Yes, flash-attn doesn't support input masks. And if you want to supply a rectangular input IDs tensor where the rows aren't the same length, the only way that can happen is with masking. Otherwise you'd have to start with the shortest input, generate at a batch size of 1 until it reaches the same length as the 2nd shortest input, then at bsz 2, etc. That way the input is always rectangular and you won't have to mask out any padding, but it's very inefficient.

flash-attn does have a "varlen" mode, but it's not efficient either since it requires the cache to be contiguous, so you have to constantly rebuild it (copy the whole thing in VRAM) to make space for new keys/values for every token generated.

The alternative is to use paged attention with a flat cache. This however is only compatible with flash-attn.

The SDPA approach at least allows for Torch to switch to a more efficient backend at some later time if flash-attn ever supports masking. There has been some work on this with https://github.com/Dao-AILab/flash-attention/pull/617, but it's not finished yet, apparently.

Thireus commented 1 month ago

I've been unable to reproduce this with v0.2.1 and the original Qwen2 model. It quantizes and inferences correctly here.

Are you using Q4 cache by any chance? Qwen2-7B specifically fails with Q4 cache, but Q6 and Q8 should be fine: Model Quant Cache pass@1 pass@10 Wikitext 5x1k Qwen2-7B FP16 Q4 19.74% 46.34% 40.72 Qwen2-7B FP16 Q6 61.65% 81.70% 15.20 Qwen2-7B FP16 Q8 62.37% 81.09% 15.18 Qwen2-7B FP16 FP16 61.16% 82.31% 15.16

@turboderp, would you have similar metrics for other models?
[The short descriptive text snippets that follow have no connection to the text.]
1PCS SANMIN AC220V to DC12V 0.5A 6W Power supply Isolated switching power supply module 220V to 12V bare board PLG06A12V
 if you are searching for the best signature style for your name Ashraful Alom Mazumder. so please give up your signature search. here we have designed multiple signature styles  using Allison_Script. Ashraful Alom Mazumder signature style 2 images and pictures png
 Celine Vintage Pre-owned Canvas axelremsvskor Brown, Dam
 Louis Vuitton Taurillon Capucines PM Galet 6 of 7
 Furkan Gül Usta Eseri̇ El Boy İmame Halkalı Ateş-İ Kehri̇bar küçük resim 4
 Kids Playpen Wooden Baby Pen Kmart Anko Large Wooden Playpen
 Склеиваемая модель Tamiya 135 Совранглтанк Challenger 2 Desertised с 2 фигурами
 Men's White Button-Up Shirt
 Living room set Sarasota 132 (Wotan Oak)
DocShotgun commented 1 month ago

I've been unable to reproduce this with v0.2.1 and the original Qwen2 model. It quantizes and inferences correctly here. Are you using Q4 cache by any chance? Qwen2-7B specifically fails with Q4 cache, but Q6 and Q8 should be fine: Model Quant Cache pass@1 pass@10 Wikitext 5x1k Qwen2-7B FP16 Q4 19.74% 46.34% 40.72 Qwen2-7B FP16 Q6 61.65% 81.70% 15.20 Qwen2-7B FP16 Q8 62.37% 81.09% 15.18 Qwen2-7B FP16 FP16 61.16% 82.31% 15.16

@turboderp, would you have similar metrics for other models?

https://github.com/turboderp/exllamav2/blob/master/doc/qcache_eval.md

Downtown-Case commented 1 month ago

@Thireus I tested the 2024 Command-R here:

https://old.reddit.com/r/LocalLLaMA/comments/1f6ijye/commandr_35b_q4q6q8_cache_perplexity_mmlu/

And this is a model with extremely "compressed" attention where 110K of Q4 context only takes like 4GB. I think Qwen2 was just a crazy extreme, and the new Qwen 2.5 doesn't behave like that.